Question

A pendulum consists of a stone with mass m swinging on a string of length L and negligible mass. The stone has a speed of v0 when it passes its lowest point. (a) Write an expression for the speed of the stone when the string is at some angle theta with the vertical. (b) What is the greatest angle with the vertical that the string will reach during the stone's motion? (c) If the potential energy of the pendulum-Earth system is taken to be zero at the stone's lowest point, what is the total mechanical energy of the system? State all your answers in terms of the given variables and g.

Answer 1

Answer:

(a) $v = \sqrt{ mv_0^2 - 2gL(1-\cos(\theta))}$

(b) $\theta = \arccos(\frac{2gL-v_0^2}{2gL})$

(c) $E_{total} = \frac{1}{2}mv_0^2$

Explanation:

(a) The total mechanical energy of the system is conserved.

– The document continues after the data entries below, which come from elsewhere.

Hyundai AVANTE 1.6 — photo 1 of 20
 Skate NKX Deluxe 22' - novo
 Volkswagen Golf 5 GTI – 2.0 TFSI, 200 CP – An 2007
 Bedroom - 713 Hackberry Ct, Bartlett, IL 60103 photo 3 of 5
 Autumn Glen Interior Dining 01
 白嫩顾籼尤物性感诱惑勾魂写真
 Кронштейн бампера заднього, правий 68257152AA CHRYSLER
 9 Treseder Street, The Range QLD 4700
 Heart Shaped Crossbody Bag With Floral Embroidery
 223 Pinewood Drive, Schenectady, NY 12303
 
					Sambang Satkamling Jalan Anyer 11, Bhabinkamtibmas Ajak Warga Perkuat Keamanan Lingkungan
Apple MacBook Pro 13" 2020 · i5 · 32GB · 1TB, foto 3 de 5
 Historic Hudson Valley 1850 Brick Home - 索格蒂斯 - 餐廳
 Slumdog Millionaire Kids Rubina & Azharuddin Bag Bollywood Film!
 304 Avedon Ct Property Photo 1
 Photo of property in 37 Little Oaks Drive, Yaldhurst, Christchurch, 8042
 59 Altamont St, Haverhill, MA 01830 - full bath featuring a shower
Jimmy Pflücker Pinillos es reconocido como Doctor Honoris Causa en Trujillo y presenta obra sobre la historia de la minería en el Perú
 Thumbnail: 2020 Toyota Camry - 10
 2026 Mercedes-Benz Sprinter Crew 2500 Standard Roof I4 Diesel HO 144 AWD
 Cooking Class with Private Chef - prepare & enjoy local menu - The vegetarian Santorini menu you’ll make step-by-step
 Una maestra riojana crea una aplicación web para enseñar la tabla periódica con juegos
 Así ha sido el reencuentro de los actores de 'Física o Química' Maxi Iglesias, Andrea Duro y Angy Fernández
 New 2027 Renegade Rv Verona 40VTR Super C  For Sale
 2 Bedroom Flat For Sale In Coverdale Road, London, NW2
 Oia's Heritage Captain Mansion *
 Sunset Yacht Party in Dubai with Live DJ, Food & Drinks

$K_A + U_A = K_B + U_B\\\frac{1}{2}mv_0^2 + 0 = \frac{1}{2}mv^2 + mgh \\h = L - L\cos(\theta) = L(1 - \cos\theta)\\\frac{1}{2}mv^2 = \frac{1}{2}mv_0^2 - mgL(1-\cos(\theta))\\v^2 = mv_0^2 - 2gL(1-\cos(\theta))\\v = \sqrt{ mv_0^2 - 2gL(1-\cos(\theta))}$

(b) The conservation of energy states

$K_A + U_A = K_M + U_M\\\frac{1}{2}mv_0^2 + 0 = 0 + mgL(1-\cos(\theta))\\1-\cos(\theta) = \frac{v_0^2}{2gL}\\\cos(\theta) = 1-\frac{v_0^2}{2gL} = \frac{2gL-v_0^2}{2gL}\\\theta = \arccos(\frac{2gL-v_0^2}{2gL})$

(c) As explained in part (a) the total mechanical energy of the system is equal to the initial kinetic energy, since the potential energy of the system at that point is zero.

$E_{total}= K_A + U_A = K_A + 0\\E_{total} = \frac{1}{2}mv_0^2$